All lines from the one that contains "numbuzin No. 3" to the end of the data must be retyped exactly. Pictures are not retyped.

_SOURCE DATA_:

== Segment start ==

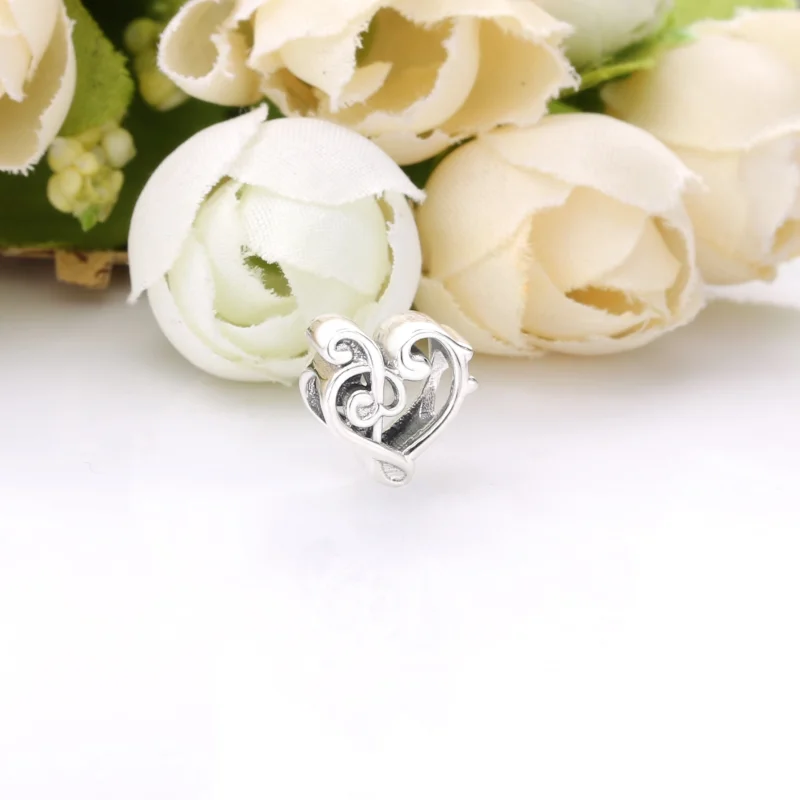 (Bild für) PANDORA Herz-Charm mit Violinschlüssel - 798346 - Ansicht 2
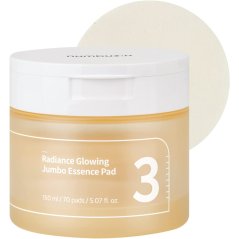 numbuzin No. 3 Radiance Glowing Jumbo Essence Pad, 70 Pads/5.07 fl. oz/150ml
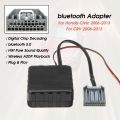 Car Wireless Bluetooth Module Adapter Aux Audio Cable for Honda Civic 2006-2013 CRV 2008-2013. 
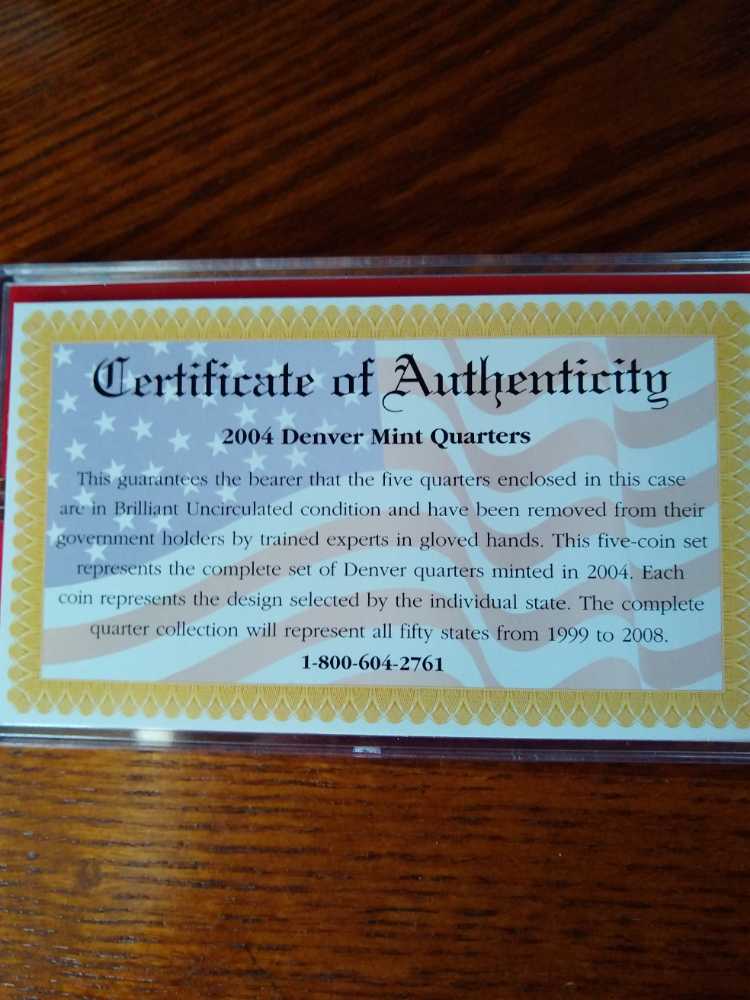 CSN 2004 State Quarter Denver   coin collectible - Main Image 4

== Segment end ==

_RESULT BELOW_:
 numbuzin No. 3 Radiance Glowing Jumbo Essence Pad, 70 Pads/5.07 fl. oz/150ml
 Car Wireless Bluetooth Module Adapter Aux Audio Cable for Honda Civic 2006-2013 CRV 2008-2013. 
 CSN 2004 State Quarter Denver   coin collectible - Main Image 4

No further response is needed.